Italian actor (1930–2018)

Luigi De Filippo (10 August 1930 – 31 March 2018) was an Italian actor, stage director and playwright.

Born in Naples, the son of actors Peppino De Filippo and Adele Carloni, he studied literature at the university, leaving the studies on the threshold of graduation to pursue a career in journalism. Shorty later De Filippo debuted on stage next to his father, and from then he started a very long acting career, notably running for years a Neapolitan dialect company. He celebrated the fortieth anniversary of his stage activities with the reception of a special Premio Personalità Europea prize in Capitol Hill.

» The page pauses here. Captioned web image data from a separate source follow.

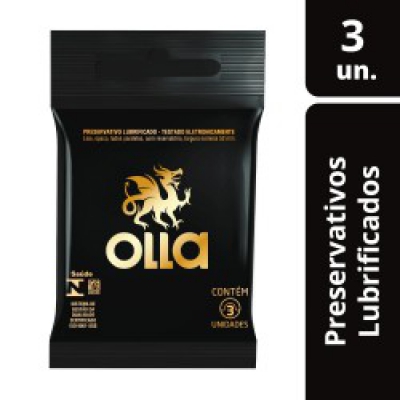 Preservativo Olla Lubrificado 3Un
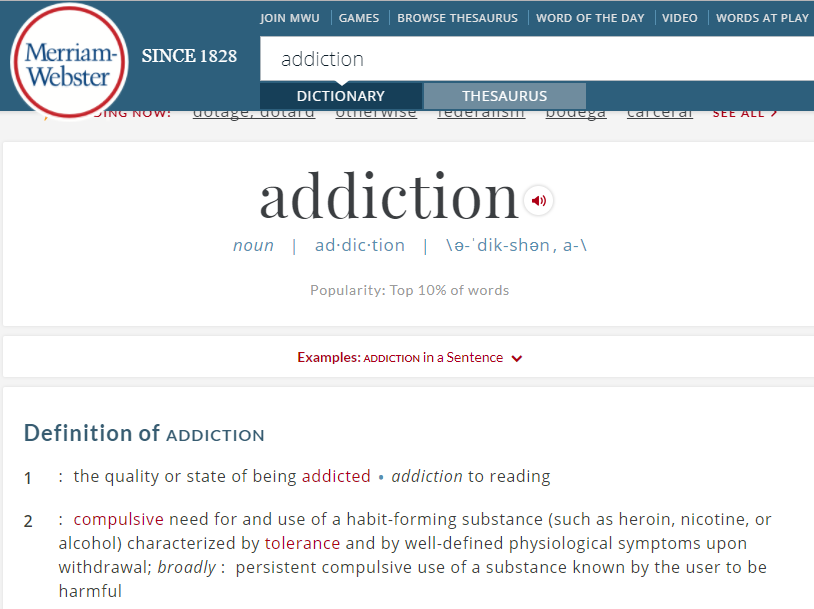 Music Addiction Disorder definition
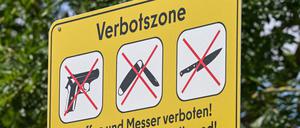Dauerhafte Messerverbotszonen gibt es in Berlin bereits. (Symbolbild).
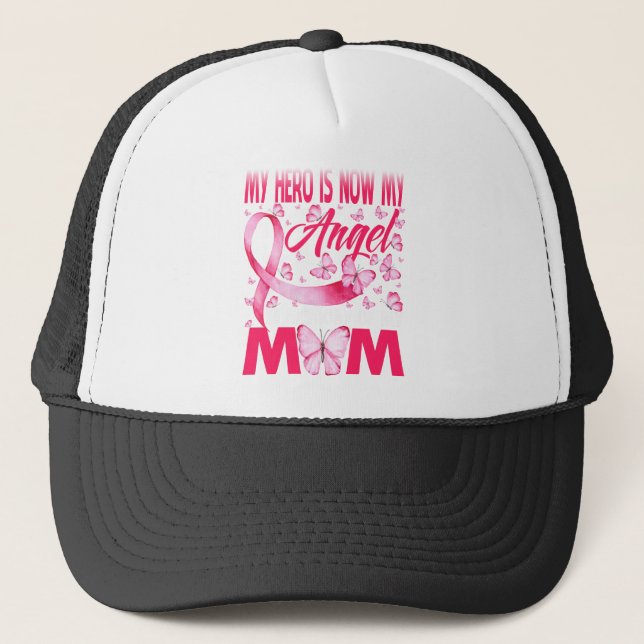 My Hero Is Now My Angel In Memory Of My Mum Trucker Hat (Front)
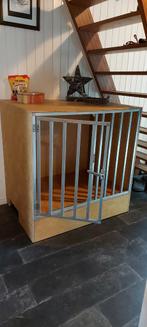 Nieuwe grote zware houten hondenbench, Dieren en Toebehoren, Ophalen, Nieuw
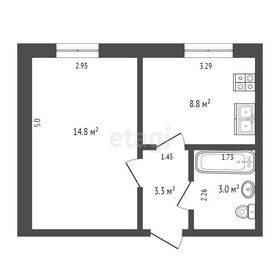 Квартира 30,8 м², 1-комнатная - изображение 1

De Filippo appeared in many film roles, even if mainly in character roles. He was also active on television, mainly in television adaptations of his stage works. Since 2011 he has been the artistic director of the Parioli Theatre in Rome. De Filippo died in Rome on 31 March 2018 at the age of 87.

==Partial filmography==

- Filumena Marturano (1951) - Umberto
- Non è vero... ma ci credo (1952) - Ragionier Pietro Spirito
- The Legend of the Piave (1952) - Giorgio, un soldato
- Peppino e la vecchia signora (1954)
- Cortile (1955) - Garage Attendant
- Da qui all'eredità (1955) - Pretendente di Marisa
- Lazzarella (1957) - Nicola Sant'Elmo
- Anna of Brooklyn (1958) - Zitto-Zitto
- Promesse di marinaio (1958) - Quattrocchi
- Policarpo (1959) - Gerolamo 'Gegè' Pancarano di Rondò
- You're on Your Own (1959) - Commilitone di Nicola
- Roulotte e roulette (1959) - Paolo
- Cerasella (1959) - Alfredo
- Il mio amico Jekyll (1960)
- Who Hesitates Is Lost (1960) - Cavallo
- Gli incensurati (1961)
- The Four Days of Naples (1962) - Cicillo (uncredited)
- Il mio amico Benito (1962) - Fioretti
- Honeymoon, Italian Style (1966) - Camilluccio
- Love Italian Style (1966) - Ricuzzo - Don Salvatore's Secretary
- Soldati e capelloni (1967) - Mosca
- Ninì Tirabusciò: la donna che inventò la mossa (1970) - Ciccio / Mohamed Ali
- Venga a fare il soldato da noi (1971) - Pasquale Gagliardelli
- Giovanni Senzapensieri (1986) - Achille / Segretario del Duca
- Quelli del casco (1988)
- In the Name of the Sovereign People (1990)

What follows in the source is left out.